We see that the slopes vary by about .08 and the intercepts vary by .25

To run the chow test, we need 4 inputs for chow.test. We need the two standardized variables from the the “Select” data frame: clev.select and the two standardized variables from the the “Rest” data frame: clev.rest.

chow <- chow.test(clev.select$standardized_lag_sale_price, clev.select$standardized_sale_price, clev.rest$standardized_lag_sale_price, clev.rest$standardized_sale_price)
chow

##     F value       d.f.1       d.f.2     P value 
##   2.2974700   2.0000000 201.0000000   0.1031467

With a p-value of .103 we do not have significant evidence to conclude that the slopes of the two regressions are different under a standard alpha level of .05.

10.3 Spatial Correlogram

10.3.1 Concept

A non-parametric spatial correlogram is an alternative measure of global spatial autocorrelation that does not rely on the specification of a spatial weights matrix. Instead, a local regression is fit to the covariances or correlations computed for all pairs of observations as a function of the distance between them (for example, as outlined in Bjornstad and Falck 2001).

With standardized variables z, this boils down to a local regression:

\[z_iz_j = f(d_{ij}) + u\]

where $d_{ij}$ is the distance between a pair of locations i - j, u is an error term and f is a non-parametric function to be determined from the data. Typically, the latter is a LOWESS or kernel regression.

10.3.2 Creating a spatial correlogram

In GeoDa, creating a spatial correlogram is much more straight forward than in R. The process in r requires us to start with the sale price points, then to create a neighbors structure base on the distance breaks desired for the correlogram.

To start, we use cbind to put the x and y coordinates together for use in the distance based neighbor functions of spdep.

coords <- cbind(clev.points$x, clev.points$y)

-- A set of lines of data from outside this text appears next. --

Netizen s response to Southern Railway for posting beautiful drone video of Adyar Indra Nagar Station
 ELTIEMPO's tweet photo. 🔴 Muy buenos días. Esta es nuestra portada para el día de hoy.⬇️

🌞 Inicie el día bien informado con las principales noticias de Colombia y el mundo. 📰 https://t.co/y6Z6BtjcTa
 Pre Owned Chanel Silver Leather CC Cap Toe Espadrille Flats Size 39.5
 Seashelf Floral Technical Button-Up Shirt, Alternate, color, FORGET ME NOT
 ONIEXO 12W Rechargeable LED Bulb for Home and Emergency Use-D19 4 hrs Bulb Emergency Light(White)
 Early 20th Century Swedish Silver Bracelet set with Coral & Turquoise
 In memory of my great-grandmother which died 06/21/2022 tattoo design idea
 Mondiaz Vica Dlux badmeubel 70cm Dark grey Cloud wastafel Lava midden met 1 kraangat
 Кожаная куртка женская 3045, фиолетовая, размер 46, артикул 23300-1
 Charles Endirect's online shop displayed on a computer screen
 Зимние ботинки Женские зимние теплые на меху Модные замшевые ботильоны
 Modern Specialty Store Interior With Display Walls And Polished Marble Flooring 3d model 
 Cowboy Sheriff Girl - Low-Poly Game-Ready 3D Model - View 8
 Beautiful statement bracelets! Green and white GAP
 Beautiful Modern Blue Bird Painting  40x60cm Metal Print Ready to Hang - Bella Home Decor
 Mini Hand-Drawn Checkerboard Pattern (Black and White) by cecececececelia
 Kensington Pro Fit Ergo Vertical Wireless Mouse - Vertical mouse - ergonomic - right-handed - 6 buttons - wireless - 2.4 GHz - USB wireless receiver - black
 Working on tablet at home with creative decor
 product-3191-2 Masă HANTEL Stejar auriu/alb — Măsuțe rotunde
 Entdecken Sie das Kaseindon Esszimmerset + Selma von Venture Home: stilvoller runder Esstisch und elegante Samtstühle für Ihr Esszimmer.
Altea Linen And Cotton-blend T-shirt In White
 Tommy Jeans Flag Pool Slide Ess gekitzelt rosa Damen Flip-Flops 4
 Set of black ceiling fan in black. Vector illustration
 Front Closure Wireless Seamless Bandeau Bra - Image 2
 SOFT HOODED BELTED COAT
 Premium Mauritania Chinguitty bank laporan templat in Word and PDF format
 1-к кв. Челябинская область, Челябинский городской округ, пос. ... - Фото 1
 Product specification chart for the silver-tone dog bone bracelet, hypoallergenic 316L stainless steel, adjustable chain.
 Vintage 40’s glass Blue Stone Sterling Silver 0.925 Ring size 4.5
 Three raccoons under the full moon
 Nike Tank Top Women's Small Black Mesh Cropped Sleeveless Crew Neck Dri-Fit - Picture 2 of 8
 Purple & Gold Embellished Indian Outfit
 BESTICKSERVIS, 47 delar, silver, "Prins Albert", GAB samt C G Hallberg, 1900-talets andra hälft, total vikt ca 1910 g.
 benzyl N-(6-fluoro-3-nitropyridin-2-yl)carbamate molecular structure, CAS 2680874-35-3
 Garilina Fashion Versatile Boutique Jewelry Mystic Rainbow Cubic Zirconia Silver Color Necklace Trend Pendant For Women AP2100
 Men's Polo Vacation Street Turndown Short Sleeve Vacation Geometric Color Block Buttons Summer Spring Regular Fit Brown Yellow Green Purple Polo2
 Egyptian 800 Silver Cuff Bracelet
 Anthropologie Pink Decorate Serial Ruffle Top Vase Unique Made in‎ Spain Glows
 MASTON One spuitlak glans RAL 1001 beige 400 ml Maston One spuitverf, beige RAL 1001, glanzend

Now we create distance based neighbors coordinate matrix and lower distance bound and an upper distance bound, which is used to define neighbors. We use dnearneigh to create the distance band neighbors. For more in depth information on distance based neighbors, please see the Disatnce Based Weights notebook. We use a distance of 4823.27 to emulate the first example in the GeoDa workbook.

dist.band.nb <- dnearneigh(coords,0,4823.27)

Using the spdep function `sp.correlogram, we can get measures of spatial autocorrelation for an input number of lag orders. We can then use the base R plotting function to get a look at the autocorrelation values for each lag order.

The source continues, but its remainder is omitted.